[Opening Records for this exercise section]
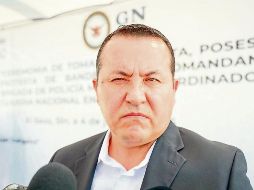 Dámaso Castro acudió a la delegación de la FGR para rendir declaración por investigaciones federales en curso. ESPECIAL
[Closing Records for this exercise section]
[Opening Records for this exercise section]
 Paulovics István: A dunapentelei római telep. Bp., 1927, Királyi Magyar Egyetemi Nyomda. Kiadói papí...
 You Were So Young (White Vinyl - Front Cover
[Closing Records for this exercise section]
Task to carry out:
After locating the line with "Paulovics István: A" in the material above, return it and each line after it exactly, ending at the line with "You Were So Young (White Vinyl - Front Cover".

Your response:
 Paulovics István: A dunapentelei római telep. Bp., 1927, Királyi Magyar Egyetemi Nyomda. Kiadói papí...
 You Were So Young (White Vinyl - Front Cover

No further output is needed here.